Chega das sabatinas

Quando estou quieto no meu canto, entro nos meus pensamentos, até que a minha própria mente vem fazer suas trapaças comigo. O cérebro é um péssimo professor que esquece as boas coisas, porém relembra os erros passados, como que precisasse pedir para rechecar a aprendizagem. A mente me faz sabatinas frequentes !

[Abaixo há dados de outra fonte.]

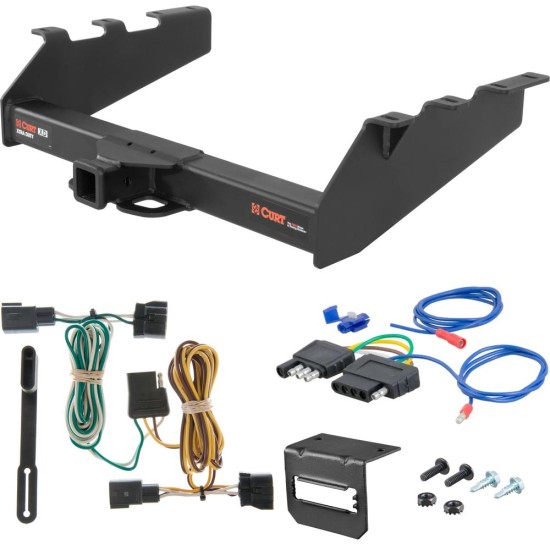 For 1995-1998 Dodge Ram 3500 Trailer Hitch + Wiring 5 Pin Fits w/ factory bumper Curt 15318 2 inch Tow Receiver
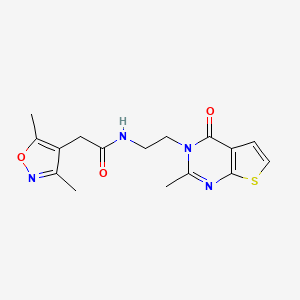 2-(3,5-dimethylisoxazol-4-yl)-N-(2-(2-methyl-4-oxothieno[2,3-d]pyrimidin-3(4H)-yl)ethyl)acetamide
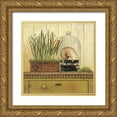 thumbnail image 1 of Fisk, Arnie 26x26 Gold Ornate Wood Framed with Double Matting Museum Art Print Titled - Vintage Garden 2, 1 of 4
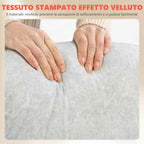 Ergonomic Chair, High Back, Printed Velvet, Foldable Armrests, Cream White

Trouxe de volta aquele dia que precisei simular passar mal na frente de mais de cem pessoas, porque deu branco no meio da palestra. Teve o dia que me declarei apaixonado para a garota insinuante , no entanto a mais falsa da turma. Aliás, foi o mesmo dia em que gastei o vidro de colônia Kaiak para mudar meus odores juvenis. Nunca mais gostei dessa essência. Houve um dia que fui desfilar na fanfarra do colégio durante o dia da independência, sem uniforme de gala, somente eu. Lembro me sentir como um ornitorrinco no meio de um cardume de salmões. Pior foi que o treinador da fanfarra não me deixou sair do meio da formação em marcha, mas ao final me deu uma repreensão pela falta da túnica vermelha. Dai veio da mente, o dia que em me deu um sermão público aquele meu comandante da guarda mirim: falou que eu jamais seria promovido, após me ver fazer o inconfidente relato aos amigos do incidente com ele dentro da delegacia, mas acho que foi mesmo devido a me ver aplicar multas no cruzamento, no qual o vermelho do único semáforo da cidade era desrespeitado, inclusive para a esposa dele no volante, com ele junto. Lembro-me também do dia que tentei me comunicar em inglês com "Mr. Michell", que não tinha este nome, mas eu o chamava desse jeito, desde que ele se apresentou para mim com seu "Nice to meet you". Outras lembranças de equívocos vergonhosos me vieram à lembrança , como da péssima voz de comando para a turma Pandiá Calógeras no acampamento do curso de formação militar na Bahia, das três festas feitas no dia do meu casamento, da bituca de cigarro, levada à vigilância sanitária após ser encontrada no interior do pão comprado pelo freguês e da minha recusa de adolescente "nerd" em dançar com as primas na festa de aniversário de uma delas. Por causa destas pífias atuações, até hoje tenho sonhos, bastante parecidos com pesadelos.

Na sabatina, cada vez mais diária, preciso silenciar a mente. O choque químico não resolveu. A busca por informações no celular e tablet para ocupar a mente não funcionou: "Zap" é exatamente o contrário de paz. Agravou tudo. Procuro então a psicoterapia, mas aquela terapeuta não entende essa linguagem. Começo a pescar para, preocupado com a isca na fisgada do peixe, deixar a mente em transe. No início, até funcionou bem, depois me via no meio das turbulências malditas que até os peixes afastavam, mas não saiam de perto de mim. Um amigo me disse para praticar a meditação. Isso sim. Fiz e faço. Hoje ouço este som maravilhoso a me transportar para meu verdadeiro lar. Ouço as batidas do meu coração. Tum tum! Eu o acaricio mentalmente. Respiração profunda. Tomo consciência de que respiro e inspiro. Assim acalmo a mente inquieta que me deixa em paz. Chega das sabatinas. A mente mente.